A Quiet Christmas
“Silent Night, Holy Night; all is calm, all is bright.”
I hope everyone is enjoying a bit of coziness in your homes this Christmas season. I have to admit, I kind of hit a wall after being so busy for so many months. This week my body told me it was imperative to slow down, or else. I have been getting headaches and dizzy spells, and the fatigue has been overwhelming. So, doing what is best for myself and this sweet little baby inside of me, I said, “Heck with this To-Do List” and I curled up under my down comforter for 5 days. And I’m still there. It seems my body can’t get enough sleep, so I know I’m fighting something off. So with lots of water and juice, some chicken noodle soup and rest ~ along with some Christmas music, a “warm fireplace”, and some twinkle lights ~ I’m starting to feel like myself again. I enjoy being home at Christmas time.
I’m getting close to entering my eighth month of pregnancy. Every little kick and movement is so precious to me. I’ve been taking these last few days of “down time” to just bond with her: talking, singing (she gets excited when we sing to her!), rubbing my belly, and praying over her. I want her to know that she is so loved. I’ve also been catching up in my pregnancy books which I hadn’t had time to read in a while.
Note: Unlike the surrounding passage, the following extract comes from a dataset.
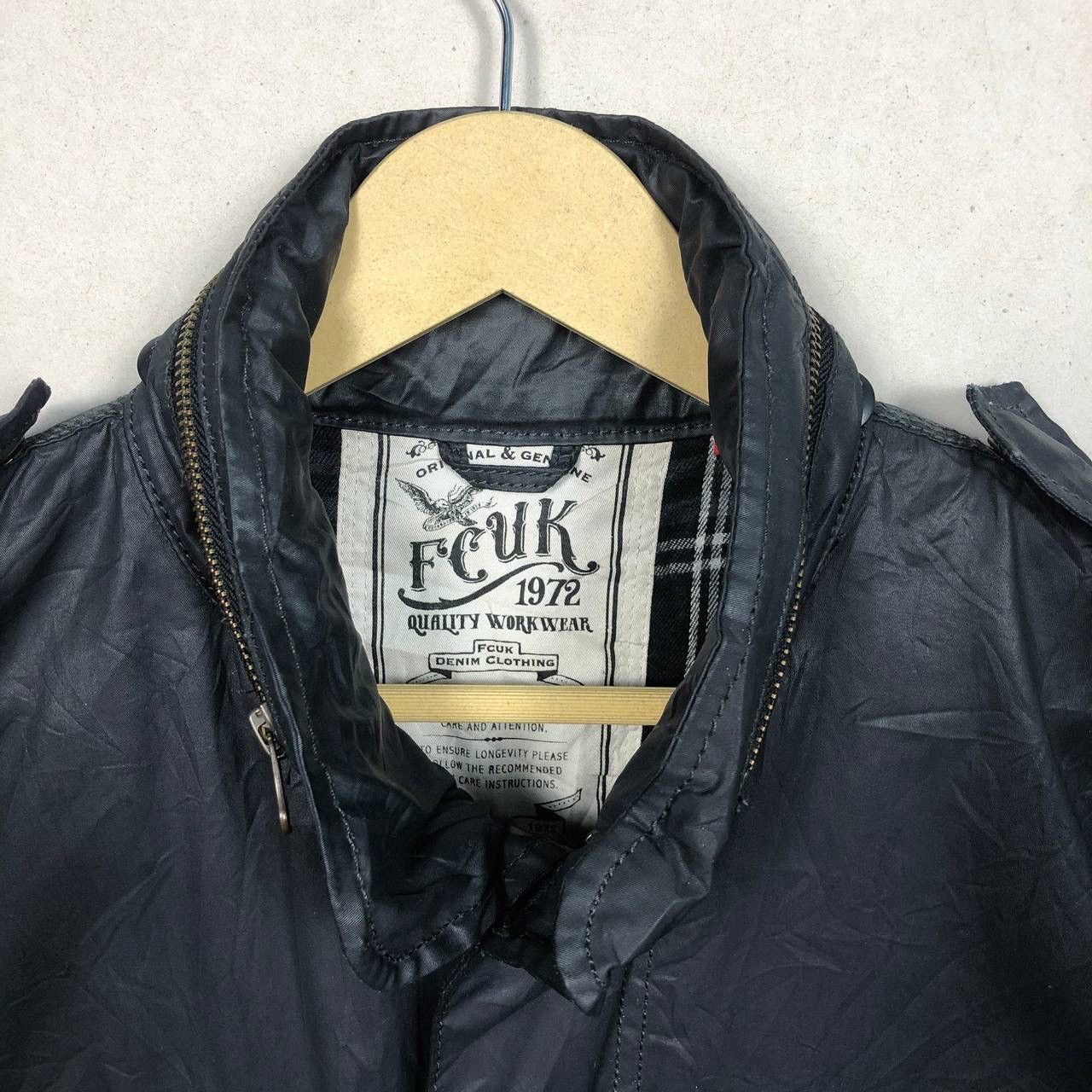 FCUK FCUK Workwear Denim Clothing Multipocket Wind Black Jacket Size US M / EU 48-50 / 2 - 9 Thumbnail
With all of my Christmas cards finally in the mail and my on-line shopping done, I’m taking a little “me” time to enjoy the Christmas season quietly and reflectively. And it suits me just fine. Sometimes my focus can be on getting things done instead of on the truly important things in life: His humble birth, family, health and peace. So what if I don’t have freshly baked cookies this year?… it gives me more time to curl up next to my hubby and enjoy a good Christmas movie. So what if I didn’t ever get around to putting the garland up on the banister?… It just doesn’t matter in the large scheme of things. My goal this year is “all is calm, all is bright”, and to enjoy as many Silent Nights as I can.


You’ve inspired me to be more content with our quiet Christmases, as sometimes for us it feels they are too quiet with no family around. But there is a sweetness in that as well. All is calm and all is bright in our hearts because of the sweet baby Jesus, which is the best part of Christmas. Peace to you and yours!